Голос женщины дрогнул, грустные мысли оттеснили те светлые воспоминания, о которых она хотела поведать. Теребя руками платок, Татьяна Алексеевна повернула голову к окошку и ненадолго прервала свои воспоминания. Нина Григорьевна обняла маму за плечи и, ласково поглаживая её по плечу, произнесла:
«Мы ж у неё приёмные, но для всех нас она самый близкий и дорогой человек. У мамы был свой сын Иван. Он служил срочную службу на подводной лодке и там получил облучение. Его комиссовали. Хороший был мужчина, отзывчивый, рукодельный. Любое дело у него спорилось, хоть кирпичную кладку сложить, хоть по плотницкой части что смастерить. Тот домик, что рядом, строил папа сам, а этот, где мы сейчас находимся, они сделали с Иваном. Он много нам помогал, добрый был, как и мама. Два года он всего послужил и вернулся домой больным. В девяностом году он умер».

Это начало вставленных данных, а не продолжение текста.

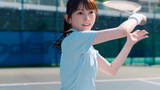 「池田瑛紗「生まれて初めて、テニスに挑戦させていただきました」乃木坂46・5期生がコーセーCMに出演」の画像1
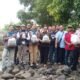 Polsek Palas Bersama Tim UKM Dan Jajaran Uspika Tebar Bibit Ikan Patin Di Sungai Way Pisang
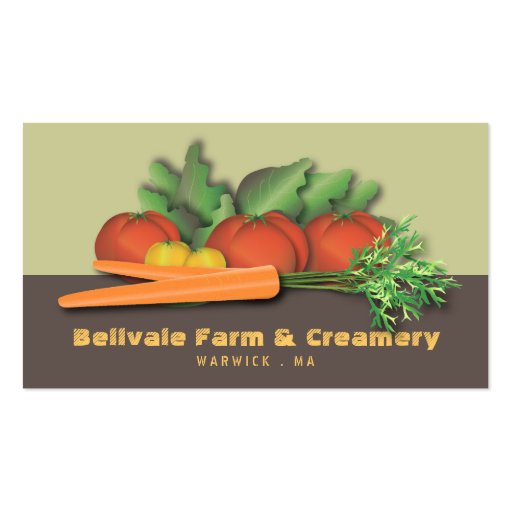 Vegetable Market Chef or Farm Business Card | Zazzle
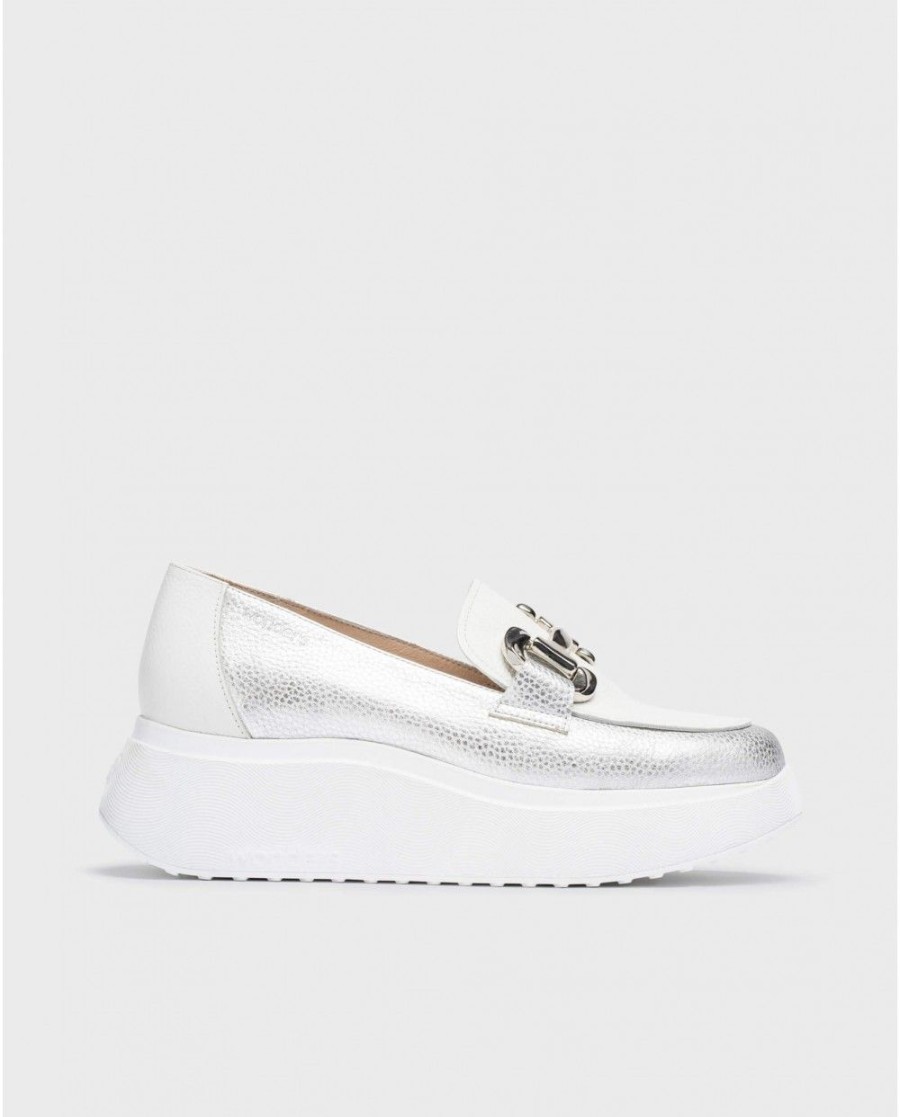 Wonders Silver Montreal Moccasin | Platforms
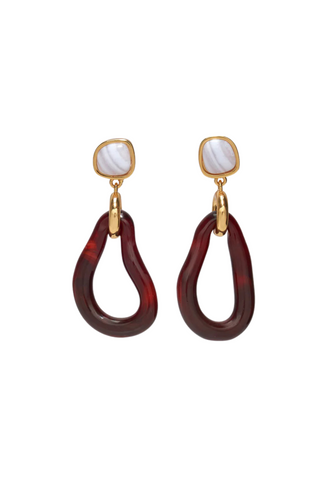 Galina Earrings, Sangria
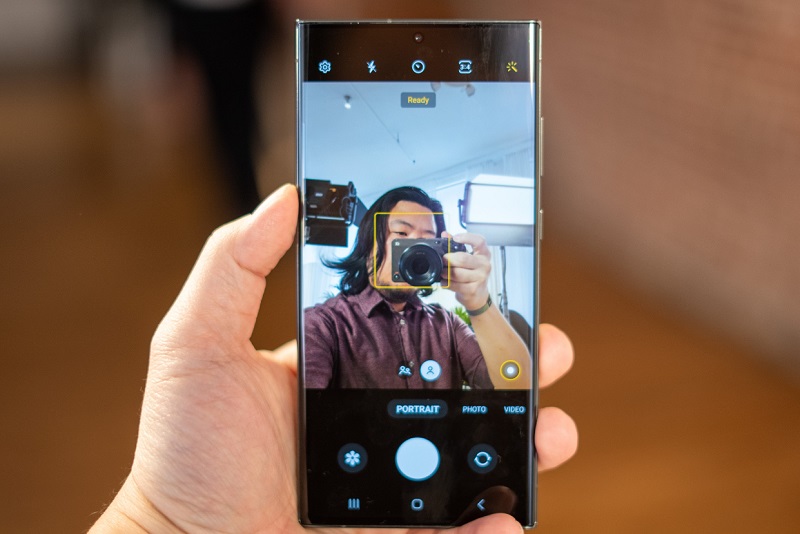 Thử chọn chế độ Chân dung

«Я замуж вышла поздно, — улыбнулась юбилярша. — У Гришки умерла жена, а я детей пожалела. Привёл он меня двор поглядеть. Свекровь за детьми глядела, бедность, двух замуж отдали, а остальные мал мала меньше. Сидим во дворе, а они с огорода идут маленькие, и каждый по очереди: „Мам, здравствуй“, „Мам, здравствуй“. А я гляжу и думаю: сколько ж вас тут есть. Их старший Вова подучил, чтобы они все поздравствовались со мной. Как я после таких слов могла отказать детям. И осталась. Работала тогда в колхозной столовой, пришлось бросить, надо было ухаживать за малышами. Двое были в интернате. Они как‑то сбежали оттуда и заглядывают в окна. Я увидела и кажу мужику: „Гриш, давай забирать ребят, пускай живут дома, мне что пятерым готовить, что семерым». Мои дети все хорошие, они меня не бросают, жалеют. Мне их всех жалко, они все мои».

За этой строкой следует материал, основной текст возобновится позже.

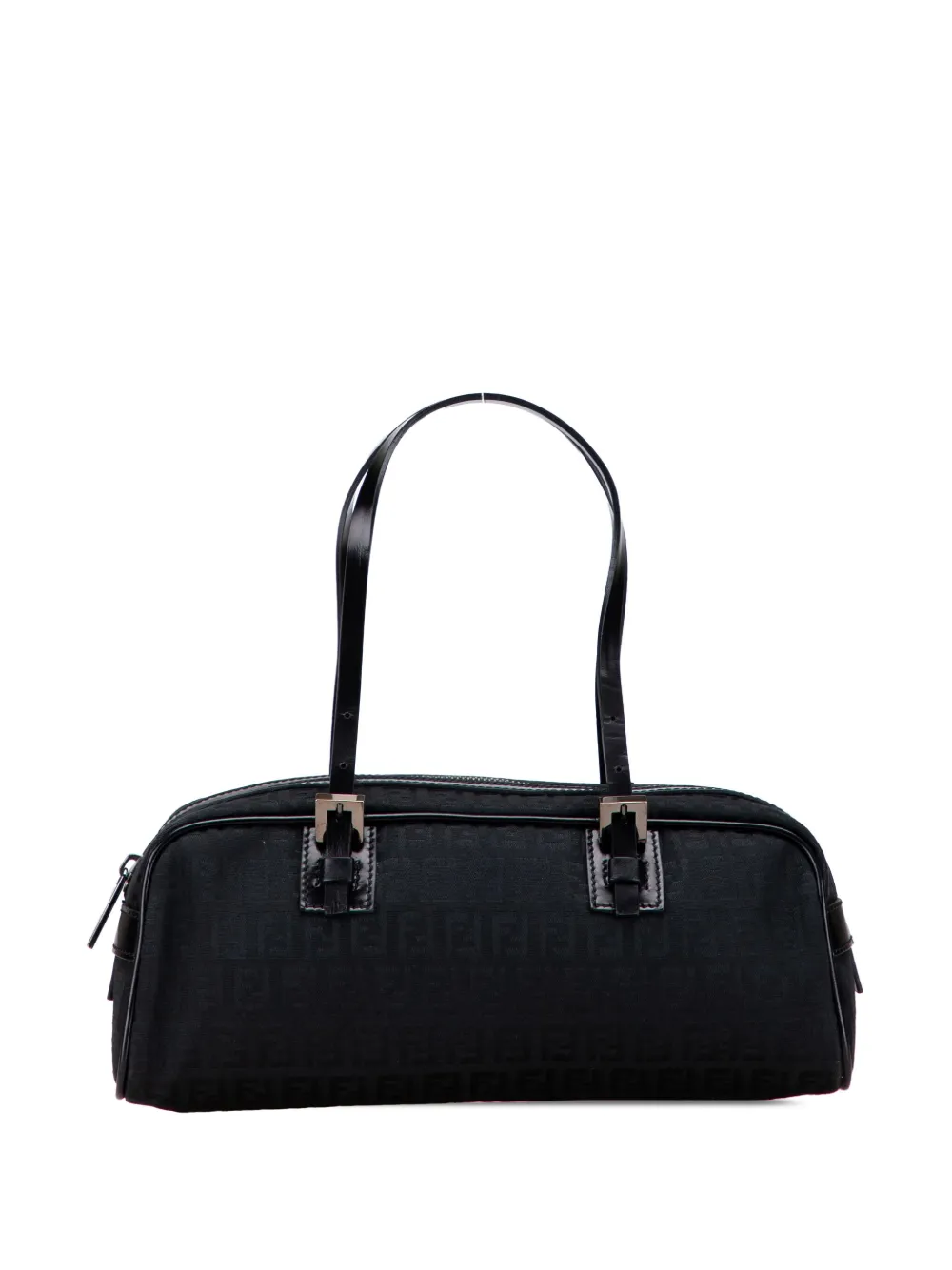 Fendi Pre-Owned 20th Century スモール ズッキーノ キャンバス ハンドバッグ - ブラック Fendi Pre-Owned 20th Century スモール ズッキーノ キャンバス ハンドバッグ - ブラック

— Нас у родителей девять детей. Когда скоропостижно умерла мама, мы с сестрой Ольгой были уже замужем. Младшему Вите было полтора года, сестре Любе шесть лет, — с заблестевшими от слёз глазами, обняв Татьяну Алексеевну, срывающимся голосом произнесла Нина Григорьевна.

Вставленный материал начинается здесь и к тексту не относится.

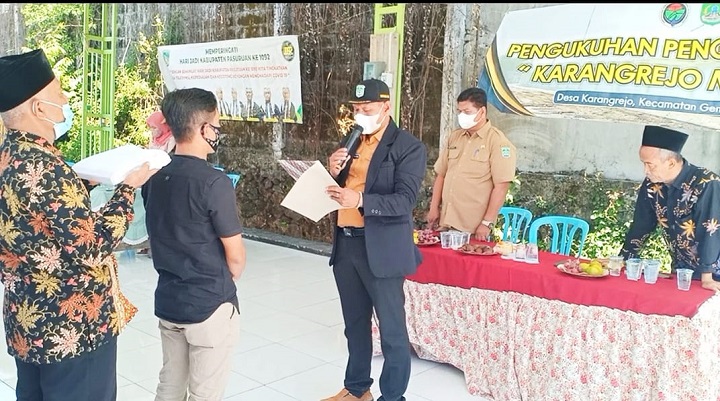 Pengukuhan dan Pengambilan Sumpah Pengurus BUMDesa Karangrejo.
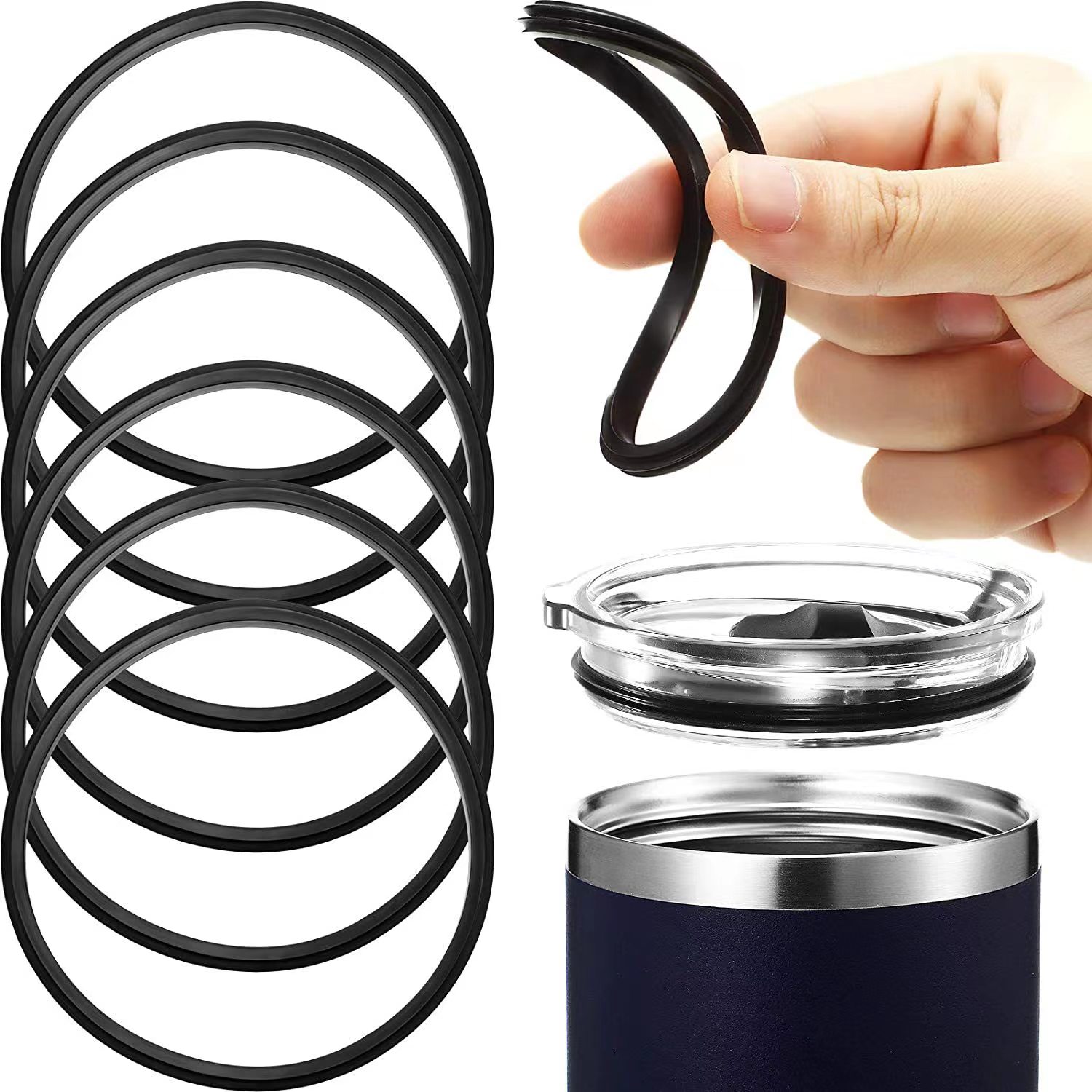 Replacement Cup Gasket For & Cup, Silicone Lid Replacement Seal Ring, Cuo  Accessories - Temu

— А Жене было четыре годика, — поправила дочь Татьяна Алексеевна.
— В общем, для всех нас она стала родной мамой, у которой мы всегда находим поддержку и понимание. Она воспитала наших младших, всем сыграла свадьбы, ребят провожала в армию и встречала. За внуками приглядывала. И сейчас она каждому находит тёплое душевное слово — и детям, и внукам, и правнукам, — говорит Нина Акиньшина. — Нас приняла как своих. Мы её обожаем и любим. Она очень добрая и отзывчивая мама. Все приезжают её проведать, привозят подарки. Наша мама самая лучшая на свете. Дай Бог ей здоровья. Плохо только, что она потеряла зрение. Сделали в Харькове одну операцию на глазах, стала немного лучше видеть, а после повторной зрение упало. Бывает, я что‑то забуду, она мне подсказывает, напоминает. В жизни ей досталось, много довелось пережить. Сама держала корову, поросят, птицу, самой на лошади приходилось привозить дрова из леса, чтобы топиться. Рассказывала, что возила в корзинах в Белгород, в Москву вишни, яблоки, чтобы заработать денег. У неё был хороший сад на прежней усадьбе.
— 93 года мне было, когда сделали операцию, — напоминает Татьяна Алексеевна. — Ой, деточки, сейчас жить можно, всё есть: и еда, и одежда. А за сто лет я уже чего только не видала.